= Short web captions =
..........

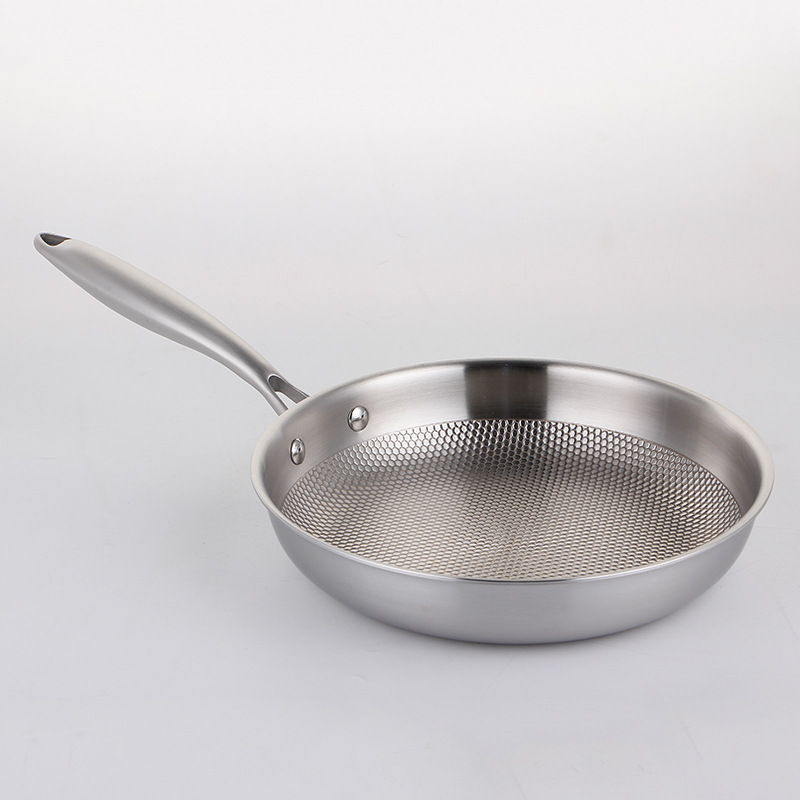 Chảo inox 304 chống dính tự nhiên 5 lớp dẫn nhiệt đều OEM CI001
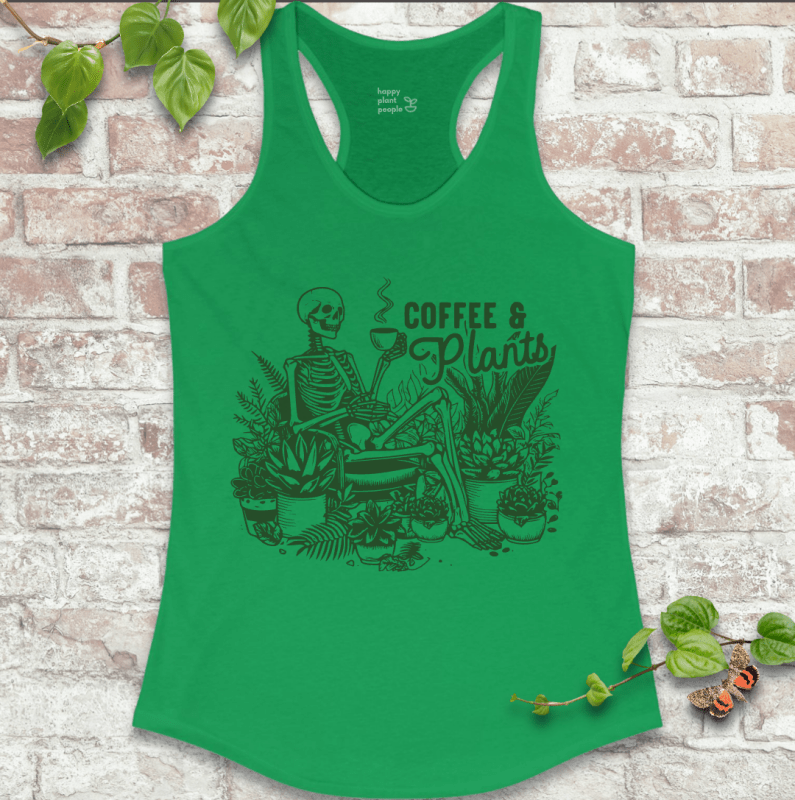 Women’s tank top in bright green with cozy-goth skeleton, coffee, and houseplants – breathable and fun for summer plant care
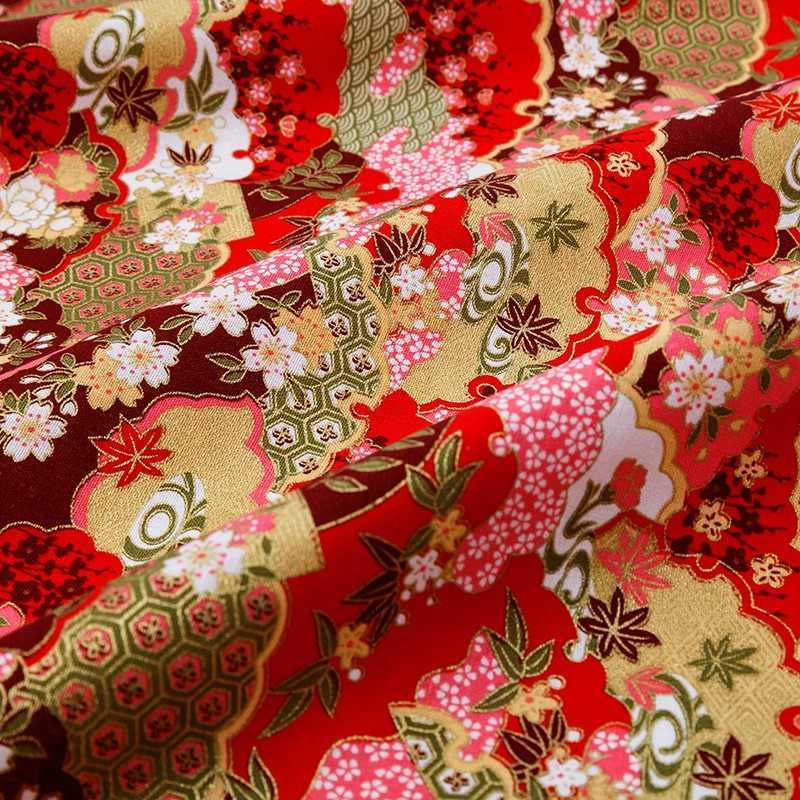 Vải cotton đồng họa tiết hoa Nhật Bản vải cho DIY chắp vá và váy nữ sườn xám TJ8962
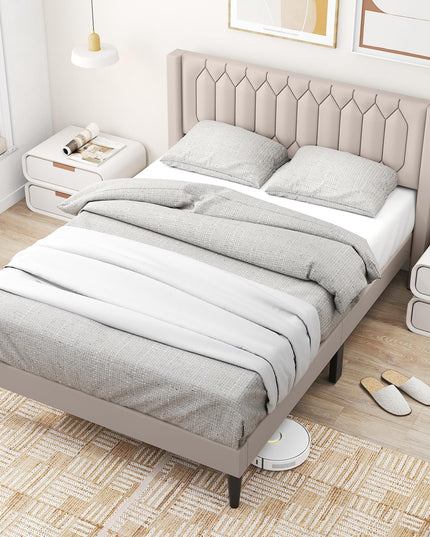 Giantex Queen Size Dutch Velvet Upholstered Platform Bed with Wingback Headboard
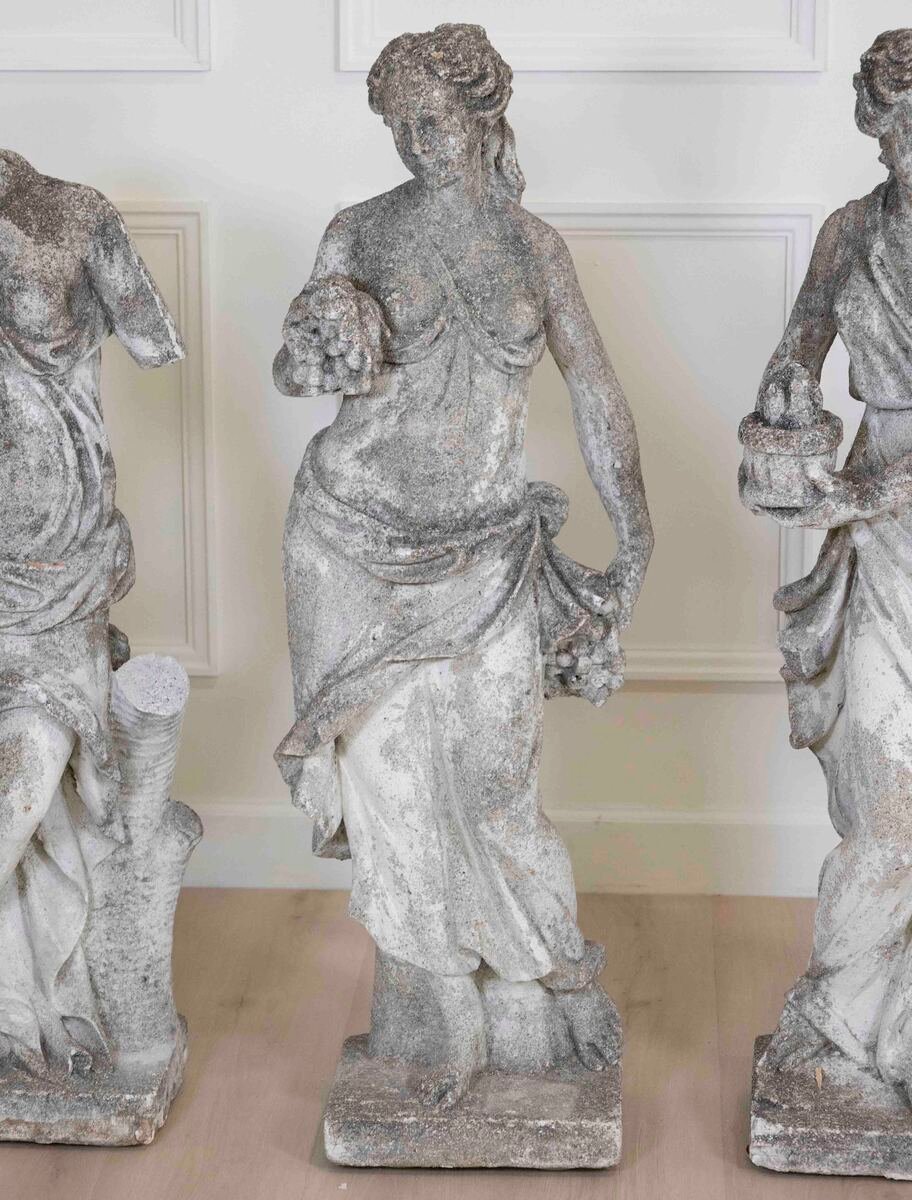 Set of Four Italian 1930s Neoclassical Garden Sculptures, The Four Seasons - JAA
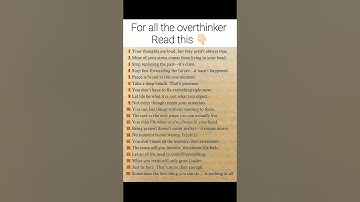 stop overthinking and read this 🔥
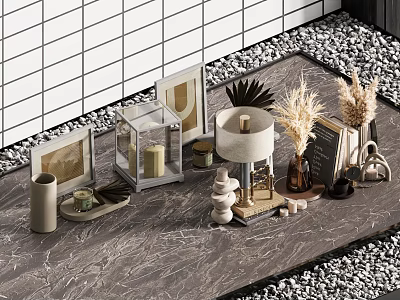 Decorative Ornament Set Featuring Frames Glass Lantern Candles Table Lamp Dried Flowers On Marble Surface 3d model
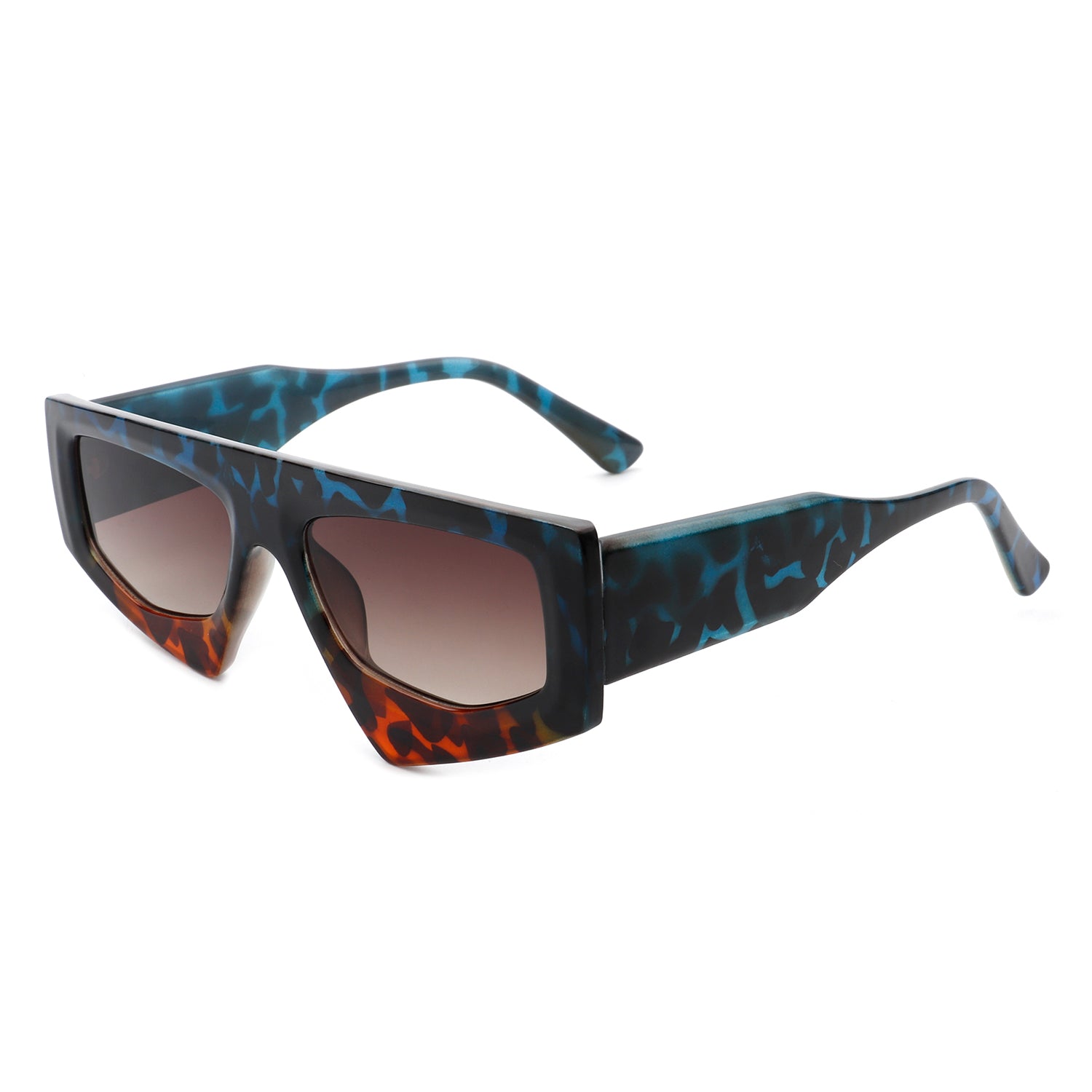 HS1094 - Rectangle Irregular Chunky Retro Geometric Sunglasses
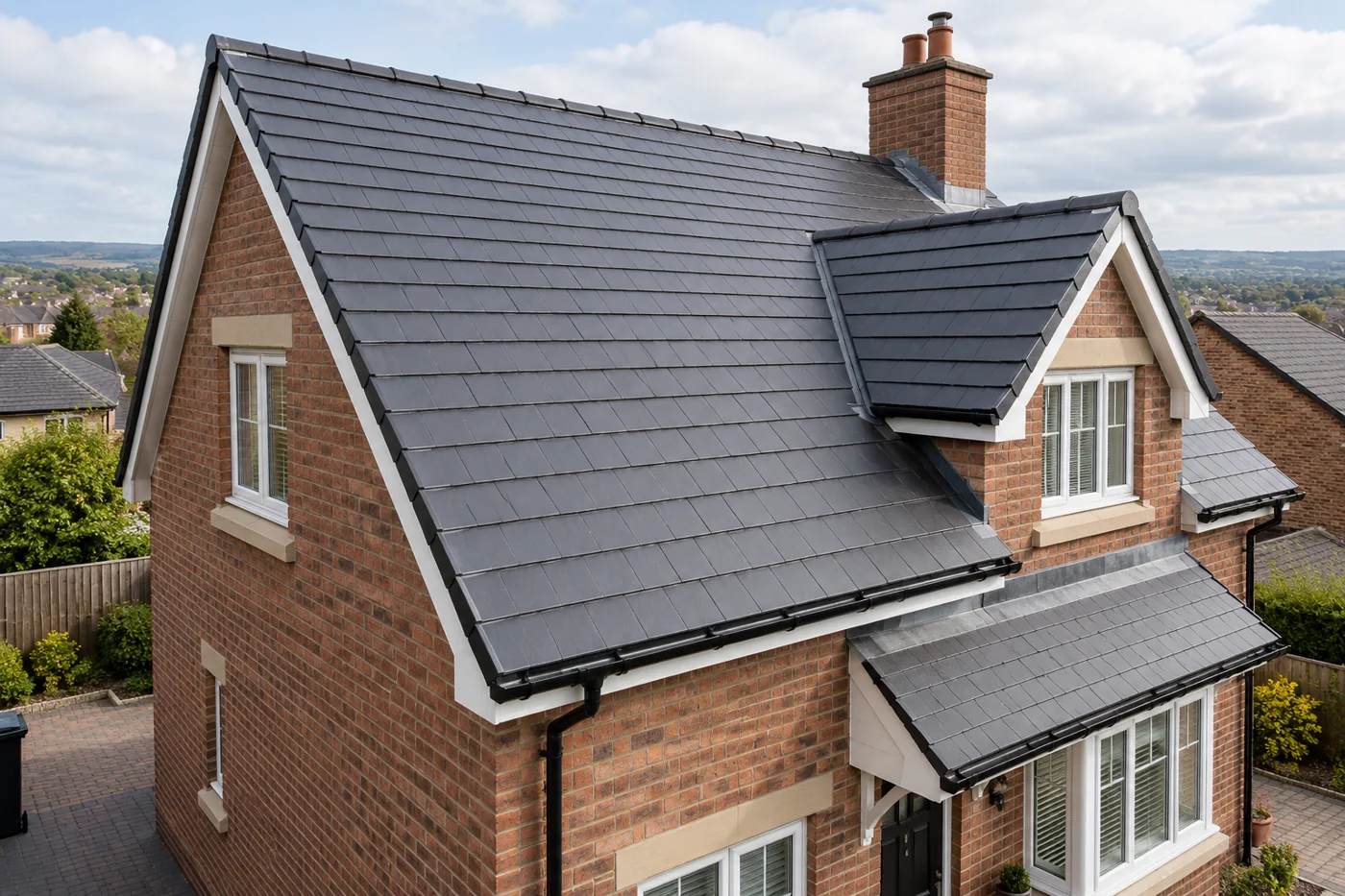 Pitched domestic roof with chimney and eaves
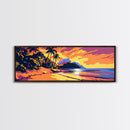 Tropical Beach, Sunset View, Ocean Vibes, Framed Canvas Print, Coastal Wall Art, Bedroom Decor, Palm Tree Artwork, Bohemian Style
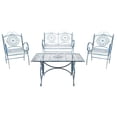 thumbnail image 1 of SAFAVIEH Sophie Outdoor Patio 4 Pc Conversational Set, Antique Blue, 1 of 9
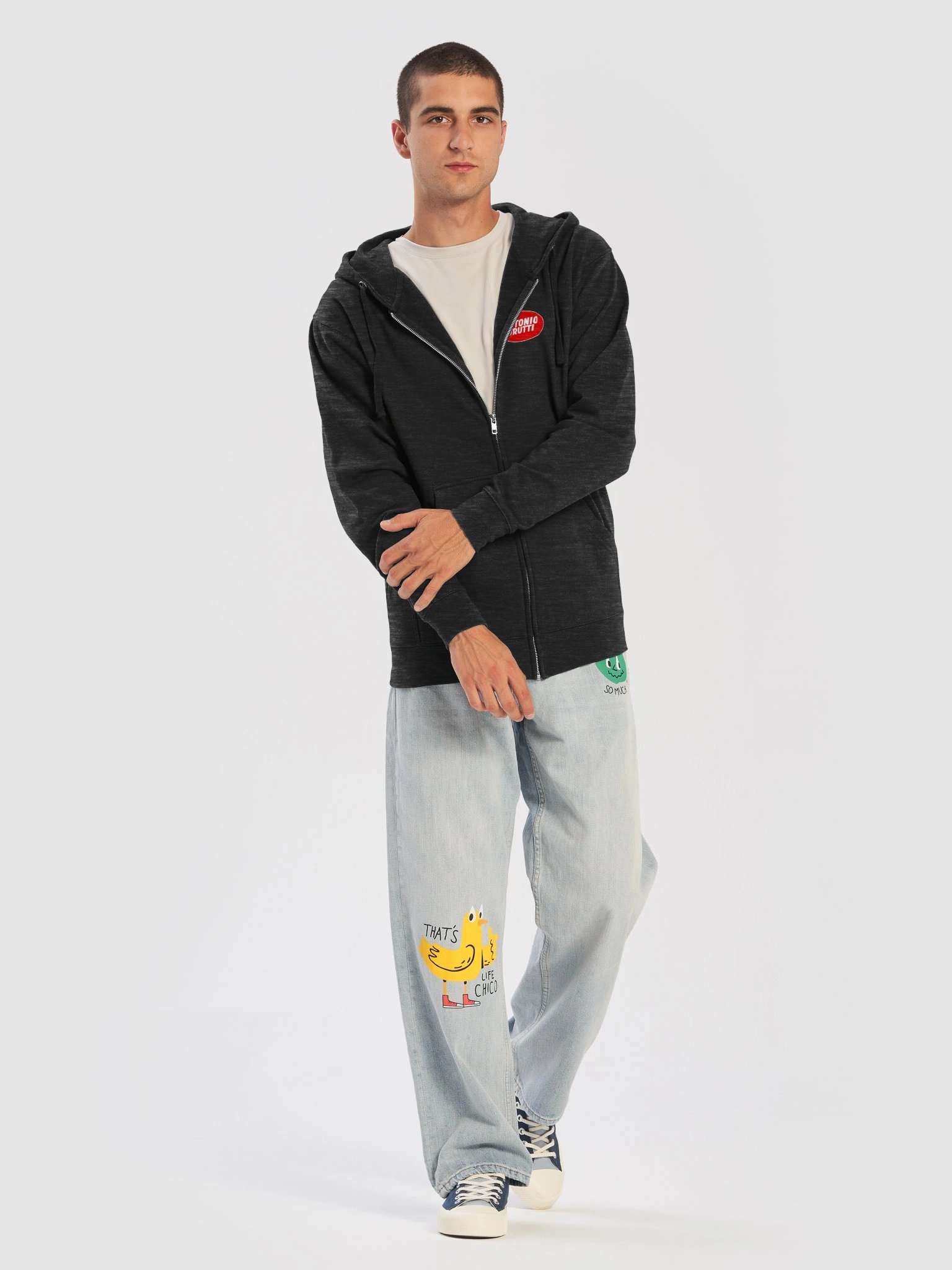 Antonio Drutti Red Oval Logo Zip Hoodie product image (9)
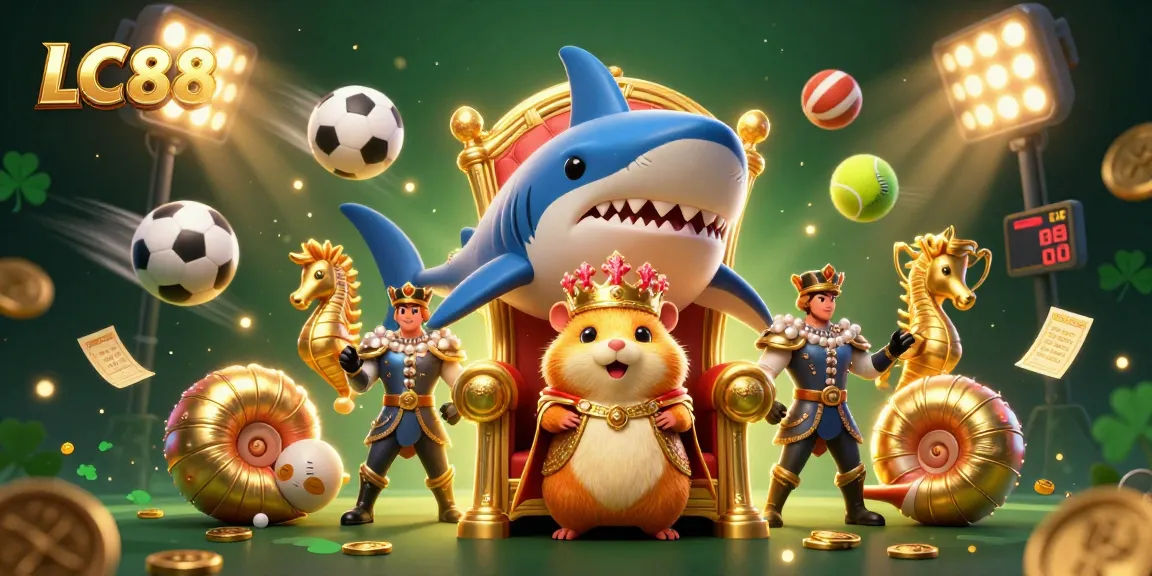 LC88 provides thrilling action with golden hamster king and casino sports elements in a vibrant illustration.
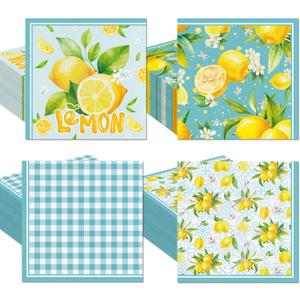 100PCs Lemon Paper Napkins Italian Themed Disposable Napkins for Kitchen Bathroom Summer Wedding Shower Birthday Party Supplies Guest Towels,6.3x6.3 Inch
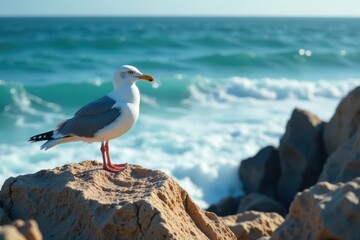 Fototapeta premium Seagull standing on a rocky coastline overlooking ocean waves, sea gull, beach scene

..........

= What to do =
From the line containing "Vải cotton đồng" through the line containing "thumbnail image 1", copy every line above exactly, without pictures.

= Reply =
 Vải cotton đồng họa tiết hoa Nhật Bản vải cho DIY chắp vá và váy nữ sườn xám TJ8962
 Giantex Queen Size Dutch Velvet Upholstered Platform Bed with Wingback Headboard
 Set of Four Italian 1930s Neoclassical Garden Sculptures, The Four Seasons - JAA
 stop overthinking and read this 🔥
 Decorative Ornament Set Featuring Frames Glass Lantern Candles Table Lamp Dried Flowers On Marble Surface 3d model
 HS1094 - Rectangle Irregular Chunky Retro Geometric Sunglasses
 Pitched domestic roof with chimney and eaves
 Tropical Beach, Sunset View, Ocean Vibes, Framed Canvas Print, Coastal Wall Art, Bedroom Decor, Palm Tree Artwork, Bohemian Style
 thumbnail image 1 of SAFAVIEH Sophie Outdoor Patio 4 Pc Conversational Set, Antique Blue, 1 of 9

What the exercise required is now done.